Automating visualisations has saved me dozens of hours that I was able to invest in different analyses and specific stories (all COVID-19 related, as you may guess). But we’ve gone beyond the visualisations.
There are nine official sources for coronavirus data in the UK. Some of them publish it daily; some, weekly. Some, in the morning; some, in the afternoon.
Most of them have now created dashboards to get the data via files or using their feeds -or more complex techniques. Many have changed the way of reporting -several times-, from publishing a figure as plain text in a paragraph, to create a table, and then a dashboard. And changes have also affected the structure of the data.
We didn’t expect so many sources nor so many changes when we started, but this wasn’t enough and we were about to add another task to our mega-busy weeks: understanding the geographical-administrative system in the UK.
I naively thought it couldn’t be so complicated. I thought I had seen everything after a local and a general election…
After very long days and weekends, we managed to add a field to our database with what we called “the metadata”: ONS codes, lookup from local authorities to regions, health boards, NHS codes, latitudes and longitudes, populations… All elements needed for mapping and calculations were now in one single place.

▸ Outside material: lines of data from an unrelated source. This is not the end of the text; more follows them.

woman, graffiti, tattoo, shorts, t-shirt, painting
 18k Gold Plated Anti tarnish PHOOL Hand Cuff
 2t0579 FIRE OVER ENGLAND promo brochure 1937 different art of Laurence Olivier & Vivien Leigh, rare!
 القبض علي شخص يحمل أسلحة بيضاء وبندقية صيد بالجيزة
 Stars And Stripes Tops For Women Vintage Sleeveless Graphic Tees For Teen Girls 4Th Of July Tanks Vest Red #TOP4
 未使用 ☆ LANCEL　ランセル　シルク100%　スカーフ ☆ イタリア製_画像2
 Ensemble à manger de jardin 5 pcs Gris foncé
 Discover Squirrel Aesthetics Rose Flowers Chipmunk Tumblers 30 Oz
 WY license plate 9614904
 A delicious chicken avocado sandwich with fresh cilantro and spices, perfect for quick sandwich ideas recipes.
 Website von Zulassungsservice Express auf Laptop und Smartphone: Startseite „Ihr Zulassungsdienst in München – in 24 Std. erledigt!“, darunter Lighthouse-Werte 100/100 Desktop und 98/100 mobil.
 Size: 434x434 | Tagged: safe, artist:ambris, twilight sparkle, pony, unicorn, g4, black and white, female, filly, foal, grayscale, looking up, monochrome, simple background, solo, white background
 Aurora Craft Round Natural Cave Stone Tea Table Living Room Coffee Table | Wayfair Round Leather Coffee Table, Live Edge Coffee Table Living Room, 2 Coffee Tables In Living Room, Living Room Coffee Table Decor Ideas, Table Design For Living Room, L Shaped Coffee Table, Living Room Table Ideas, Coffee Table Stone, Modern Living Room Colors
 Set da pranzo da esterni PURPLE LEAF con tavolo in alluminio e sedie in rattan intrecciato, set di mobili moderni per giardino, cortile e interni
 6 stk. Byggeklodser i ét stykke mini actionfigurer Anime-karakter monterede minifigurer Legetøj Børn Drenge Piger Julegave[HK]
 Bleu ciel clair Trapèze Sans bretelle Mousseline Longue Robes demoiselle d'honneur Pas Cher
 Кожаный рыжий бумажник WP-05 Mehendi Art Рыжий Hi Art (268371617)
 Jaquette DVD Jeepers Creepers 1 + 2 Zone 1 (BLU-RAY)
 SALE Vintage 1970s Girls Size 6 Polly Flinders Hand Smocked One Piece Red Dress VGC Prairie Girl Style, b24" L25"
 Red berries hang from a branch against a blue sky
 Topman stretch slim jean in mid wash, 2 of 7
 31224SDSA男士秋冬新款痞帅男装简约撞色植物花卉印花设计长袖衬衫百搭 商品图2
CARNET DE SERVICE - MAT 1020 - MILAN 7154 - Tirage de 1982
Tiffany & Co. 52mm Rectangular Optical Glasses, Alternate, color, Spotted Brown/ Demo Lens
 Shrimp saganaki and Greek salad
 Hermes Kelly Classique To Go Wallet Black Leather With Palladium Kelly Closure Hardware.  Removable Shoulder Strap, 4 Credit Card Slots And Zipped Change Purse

When we started with the automation, the priority was feeding visualisations. But having everything cleaned and structured in a single JSON file has been incredibly useful to perform analyses, and it has been used by other departments in the newsroom.
The story isn’t over, and it is very likely that the database will grow and change again. We still have work to do, problems to fix, things to learn from mistakes, and more good and bad decisions to make.
Decisions sometimes taken unconsciously of their whole impact and long-term repercussions, as the idea of automating a Chinese map.